SOURCE MATERIAL:
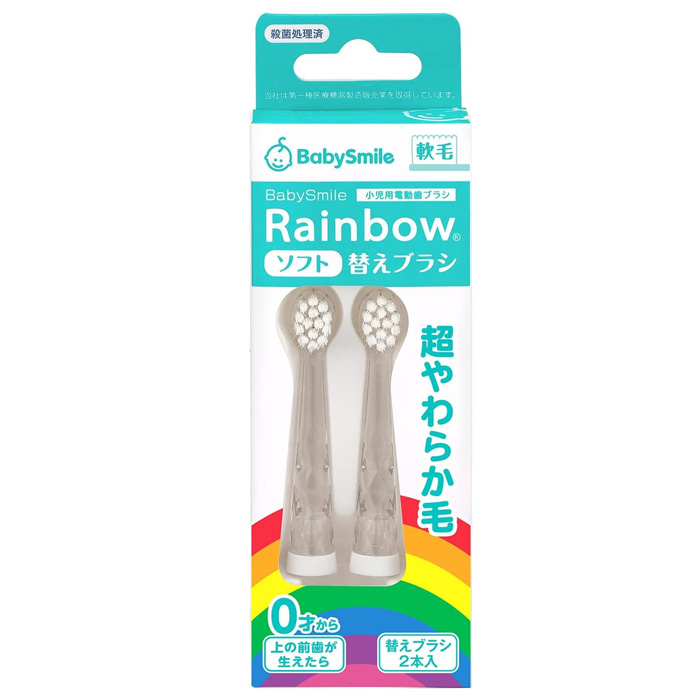 シースター BabySmile Rainbow 専用替えブラシ S-204RB ソフト 0才から 2本入【メール便】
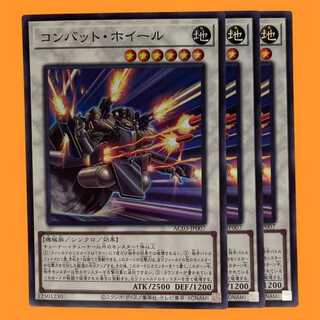 AC03-07S コンバット・ホイール スーパー 3枚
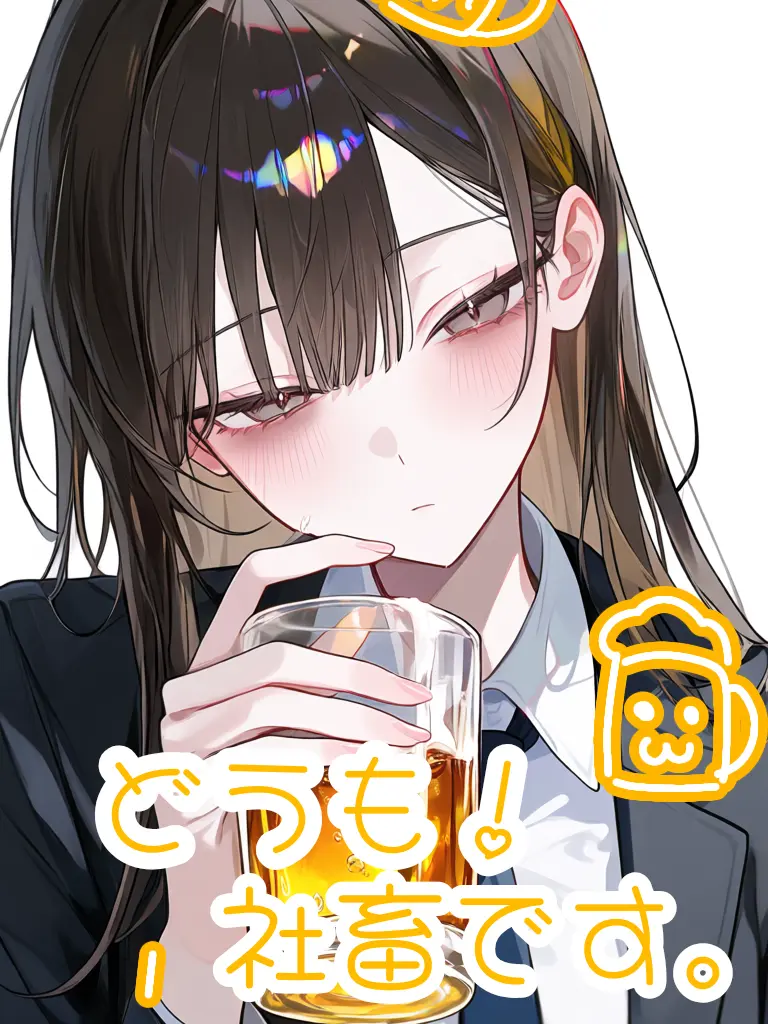 MintyPlant0955의 どうも!社畜です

REQUIRED WORK: Repeat the listing in full and exactly. Leave any pictures out.

SOLUTION BELOW:
 シースター BabySmile Rainbow 専用替えブラシ S-204RB ソフト 0才から 2本入【メール便】
 AC03-07S コンバット・ホイール スーパー 3枚
 MintyPlant0955의 どうも!社畜です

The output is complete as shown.